### REQUIREMENT
The answer must be every line below that holds the word "will".

### Records from a collection

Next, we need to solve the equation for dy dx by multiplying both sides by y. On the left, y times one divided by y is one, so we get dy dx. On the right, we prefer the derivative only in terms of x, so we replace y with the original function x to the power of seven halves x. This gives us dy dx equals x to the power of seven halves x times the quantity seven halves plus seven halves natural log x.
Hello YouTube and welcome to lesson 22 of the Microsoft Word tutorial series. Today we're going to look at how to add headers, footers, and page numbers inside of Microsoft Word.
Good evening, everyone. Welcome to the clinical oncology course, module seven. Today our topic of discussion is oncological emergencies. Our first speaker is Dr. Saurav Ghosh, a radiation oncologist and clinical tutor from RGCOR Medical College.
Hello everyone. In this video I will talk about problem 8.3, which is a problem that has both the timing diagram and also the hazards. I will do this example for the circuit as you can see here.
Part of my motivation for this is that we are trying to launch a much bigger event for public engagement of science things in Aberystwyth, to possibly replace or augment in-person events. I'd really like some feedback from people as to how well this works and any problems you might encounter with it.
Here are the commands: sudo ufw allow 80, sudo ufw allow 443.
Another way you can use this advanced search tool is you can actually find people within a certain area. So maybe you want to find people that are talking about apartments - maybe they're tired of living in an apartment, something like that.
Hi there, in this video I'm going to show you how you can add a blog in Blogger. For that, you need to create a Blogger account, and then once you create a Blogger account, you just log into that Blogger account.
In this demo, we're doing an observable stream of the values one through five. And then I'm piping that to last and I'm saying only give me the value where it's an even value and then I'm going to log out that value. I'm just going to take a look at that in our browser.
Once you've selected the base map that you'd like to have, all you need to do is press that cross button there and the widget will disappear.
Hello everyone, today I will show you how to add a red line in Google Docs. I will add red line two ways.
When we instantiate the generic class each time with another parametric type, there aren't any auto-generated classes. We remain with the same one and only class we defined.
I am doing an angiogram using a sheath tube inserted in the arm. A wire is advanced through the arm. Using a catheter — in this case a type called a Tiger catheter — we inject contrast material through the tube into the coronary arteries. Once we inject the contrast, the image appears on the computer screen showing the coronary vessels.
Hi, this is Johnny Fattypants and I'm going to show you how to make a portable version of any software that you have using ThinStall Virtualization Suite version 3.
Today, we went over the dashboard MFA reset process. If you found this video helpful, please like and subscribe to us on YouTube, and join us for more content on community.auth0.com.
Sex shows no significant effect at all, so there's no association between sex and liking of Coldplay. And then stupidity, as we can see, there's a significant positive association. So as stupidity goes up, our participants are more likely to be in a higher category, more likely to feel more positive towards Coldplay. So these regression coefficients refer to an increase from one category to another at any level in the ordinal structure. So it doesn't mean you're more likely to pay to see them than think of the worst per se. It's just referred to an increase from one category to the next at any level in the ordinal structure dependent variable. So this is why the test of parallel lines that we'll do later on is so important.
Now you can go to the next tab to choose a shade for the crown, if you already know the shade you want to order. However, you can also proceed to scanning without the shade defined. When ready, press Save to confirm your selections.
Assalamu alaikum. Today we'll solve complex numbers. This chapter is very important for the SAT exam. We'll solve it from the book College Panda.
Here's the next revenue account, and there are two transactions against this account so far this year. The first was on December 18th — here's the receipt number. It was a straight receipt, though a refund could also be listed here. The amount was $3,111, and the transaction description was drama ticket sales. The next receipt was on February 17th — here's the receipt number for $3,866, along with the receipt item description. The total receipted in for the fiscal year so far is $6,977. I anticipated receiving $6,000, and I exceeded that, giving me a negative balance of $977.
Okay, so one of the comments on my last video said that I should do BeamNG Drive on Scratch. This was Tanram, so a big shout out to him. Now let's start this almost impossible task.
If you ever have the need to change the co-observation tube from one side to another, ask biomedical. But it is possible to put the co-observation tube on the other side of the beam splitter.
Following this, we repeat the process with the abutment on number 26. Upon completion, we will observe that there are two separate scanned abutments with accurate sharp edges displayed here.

### RESULT OF THE EXERCISE
Hello everyone. In this video I will talk about problem 8.3, which is a problem that has both the timing diagram and also the hazards. I will do this example for the circuit as you can see here.
Once you've selected the base map that you'd like to have, all you need to do is press that cross button there and the widget will disappear.
Hello everyone, today I will show you how to add a red line in Google Docs. I will add red line two ways.
Following this, we repeat the process with the abutment on number 26. Upon completion, we will observe that there are two separate scanned abutments with accurate sharp edges displayed here.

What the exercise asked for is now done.